** Work instructions **
Only the lines from the one that contains "NAME - ANIMAL - THING" to the last line below, both included, should be transcribed. Pictures stay out of the copy.

** Records from a data source **
=== Section Start ===

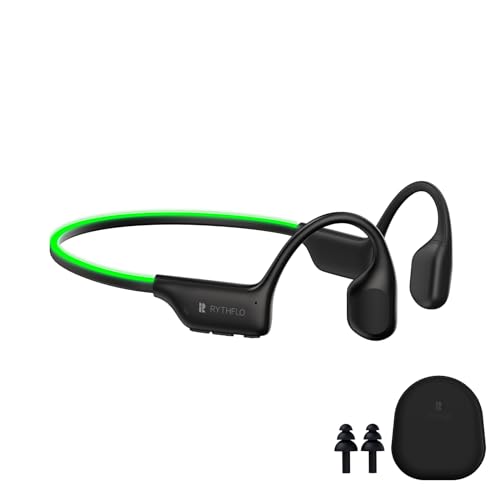 Rythflo Bluetooth Headphones, Bone Conduction Headphones w/Mic Open Ear Wireless Earbuds w/Light Bar for Running, IPX7 Waterproof 32GB MP3 for Swimming, 8Hrs Playtime Earphones for Sports Workouts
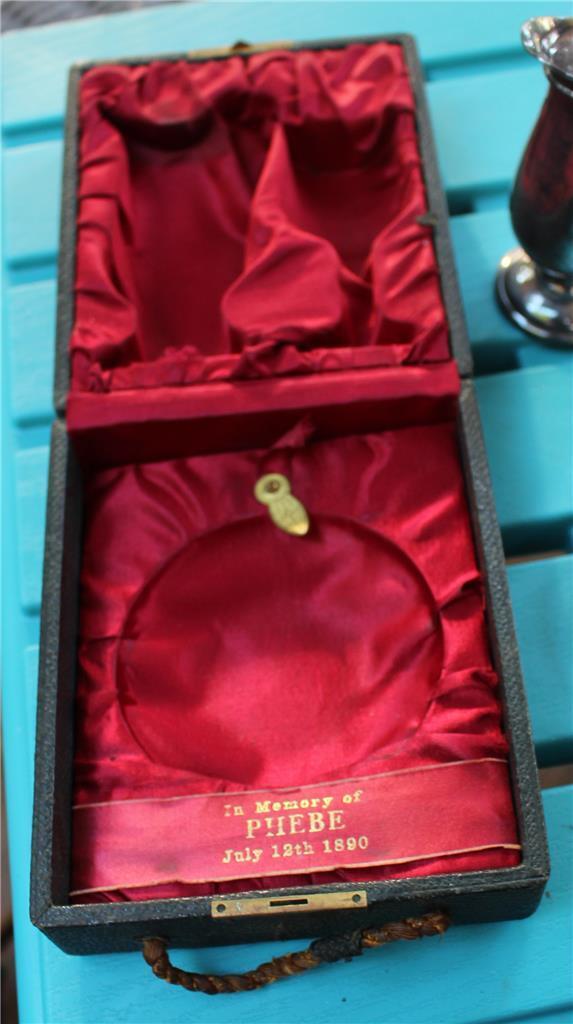 Early 1900s  First Holly Communion Silver Plate Set In Memory of Phebe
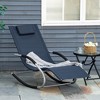 Outsunny Zero Gravity Rocking Chair Outdoor Chaise Lounge Chair Recliner Rocker with Detachable Pillow & Durable Weather-Fighting Fabric - 3 of 4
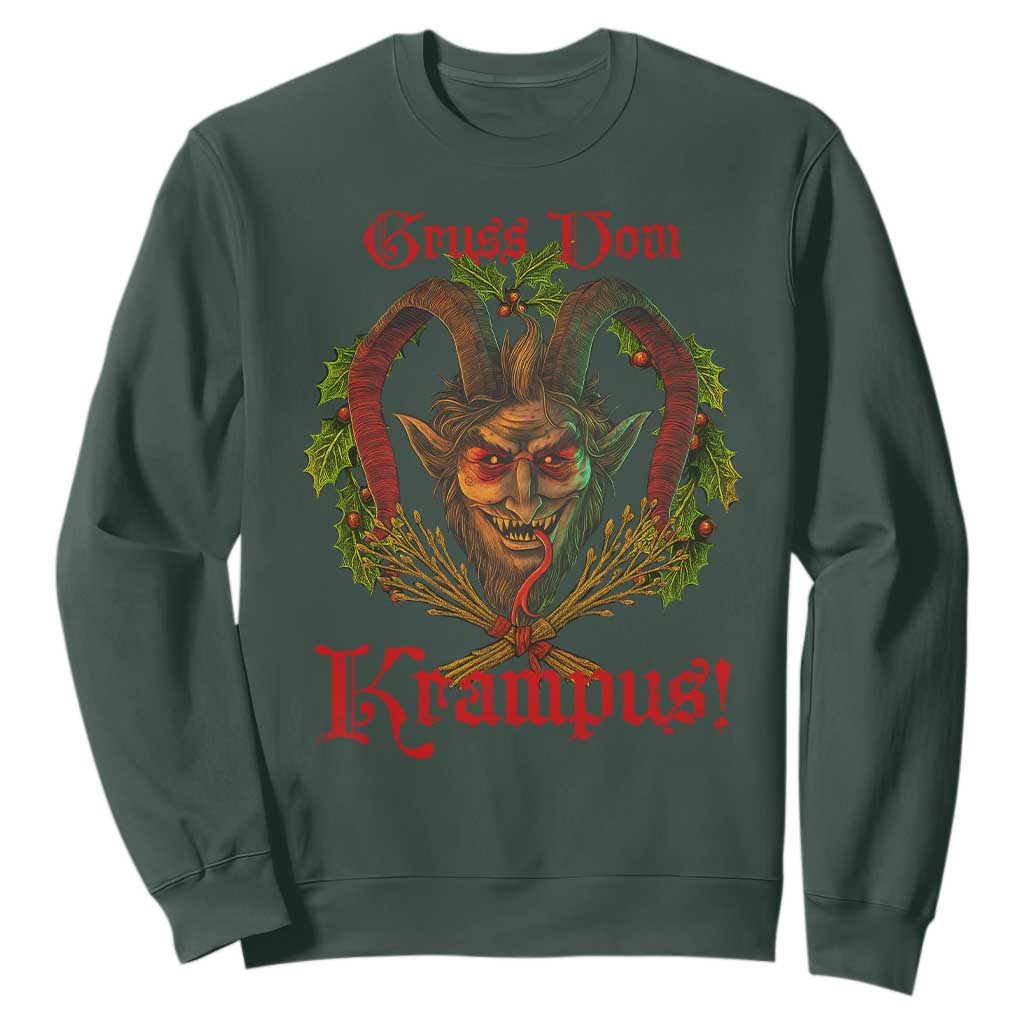 Nordic Christmas Krampus Sweatshirt Gruss Vom Krampus Pagan Yule Xmas TS11 Dark Forest Green Print Your Wear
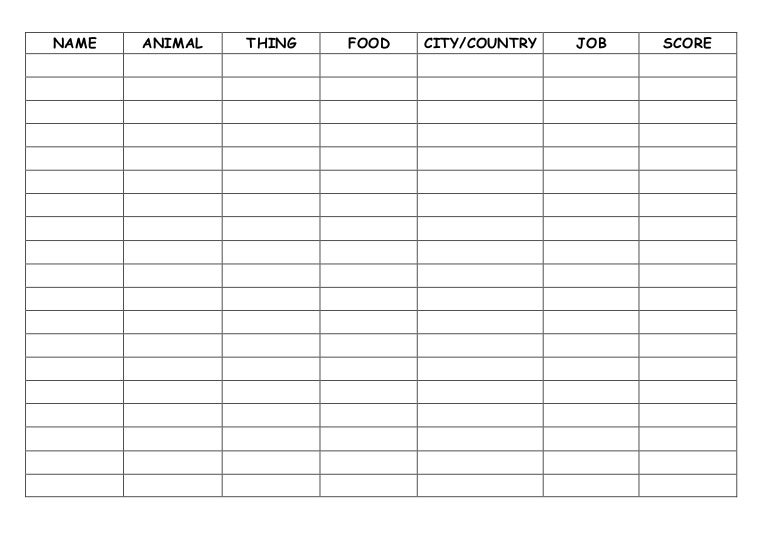 NAME - ANIMAL - THING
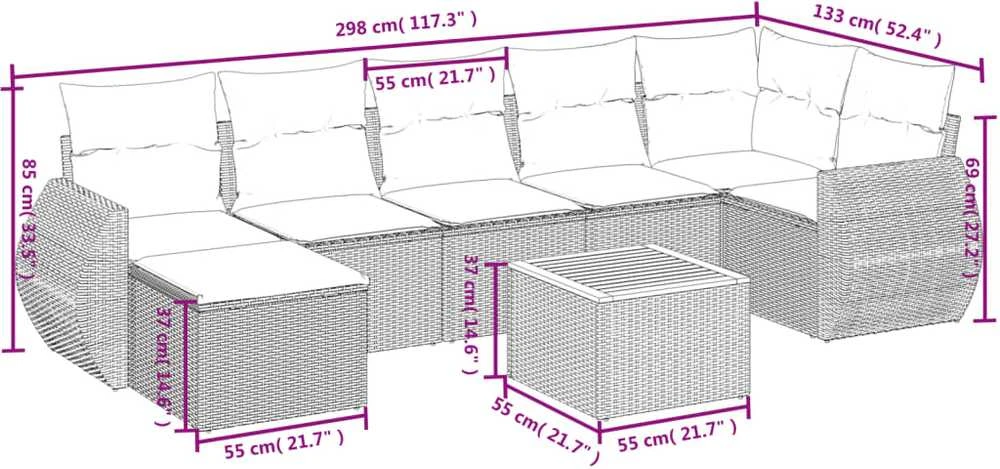 Sofa Sofos komplektas su pagalvėlėmis, 8 dalių, smėlio, poliratanas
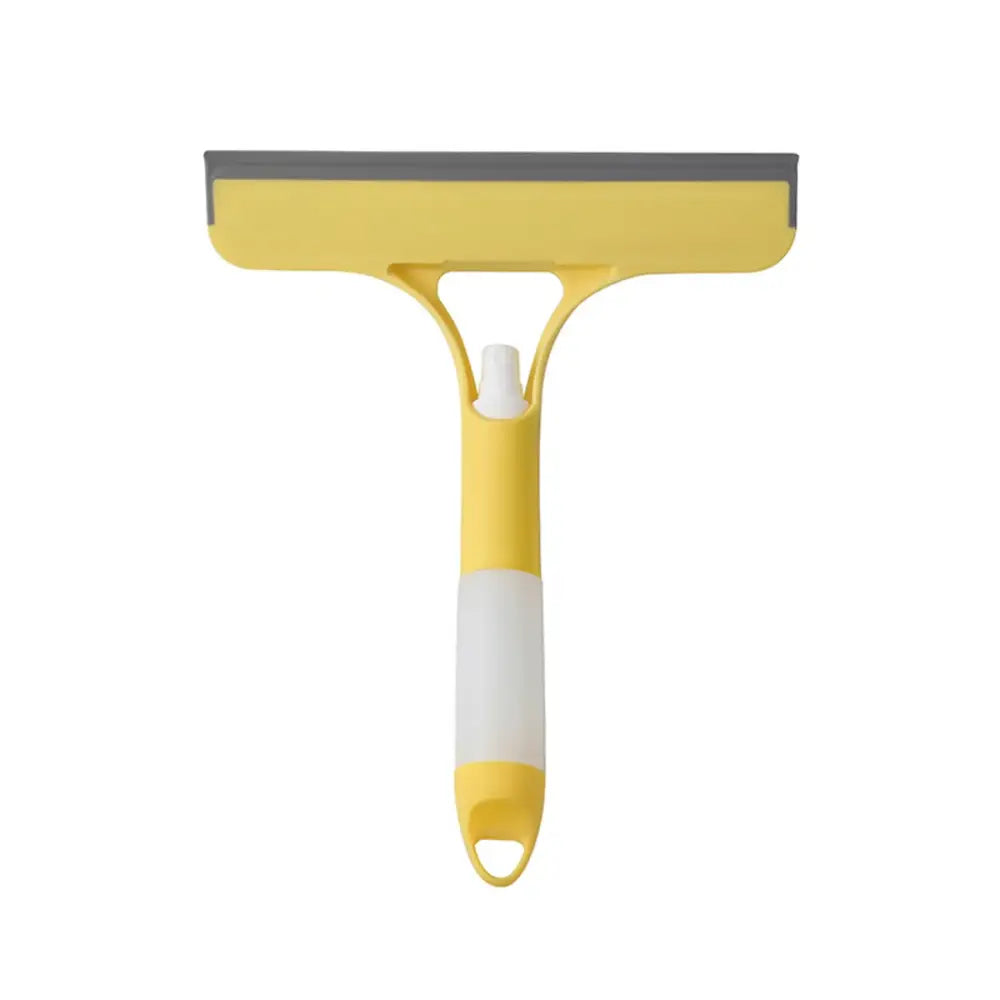 Yellow and white plastic decorbites glass cleaning brush squeegee with gray rubber blade for bathroom tiles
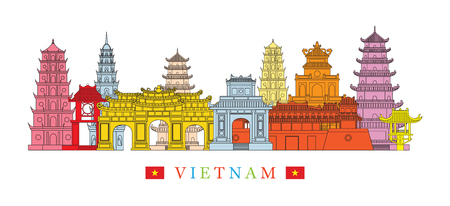 Vietnam Architecture Landmarks Skyline , Cityscape, Travel and Tourist Attractionのイラスト素材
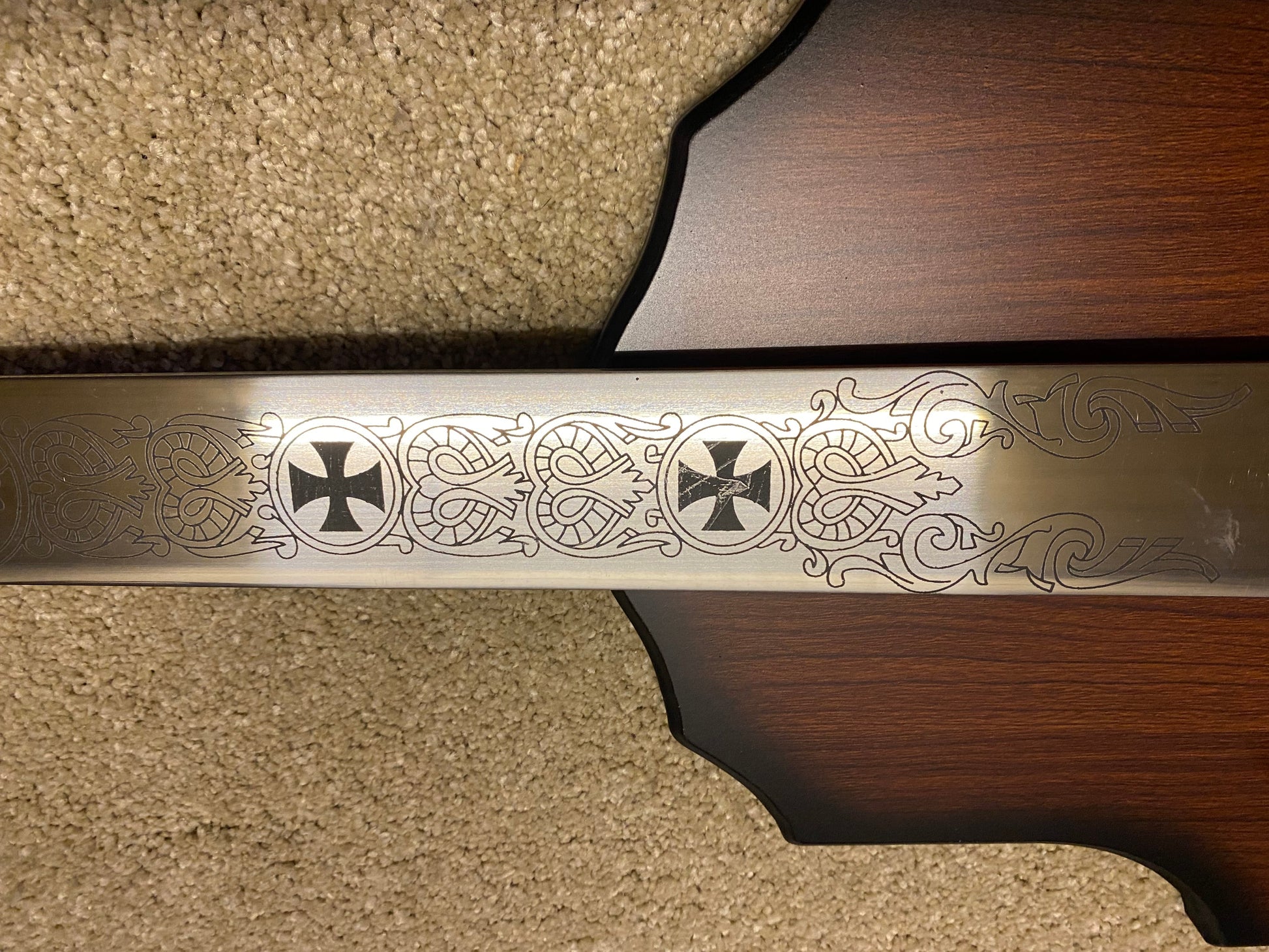 Close-up of a Sword with engraved design 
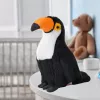 LEAN TOYS Pliušinis tukanas paukštis pliušinis žaislas talismanas minkštas žaislas baltas 30cm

=== Section End ===

** Output of the exercise **
 NAME - ANIMAL - THING
 Sofa Sofos komplektas su pagalvėlėmis, 8 dalių, smėlio, poliratanas
 Yellow and white plastic decorbites glass cleaning brush squeegee with gray rubber blade for bathroom tiles
 Vietnam Architecture Landmarks Skyline , Cityscape, Travel and Tourist Attractionのイラスト素材
 Close-up of a Sword with engraved design 
 LEAN TOYS Pliušinis tukanas paukštis pliušinis žaislas talismanas minkštas žaislas baltas 30cm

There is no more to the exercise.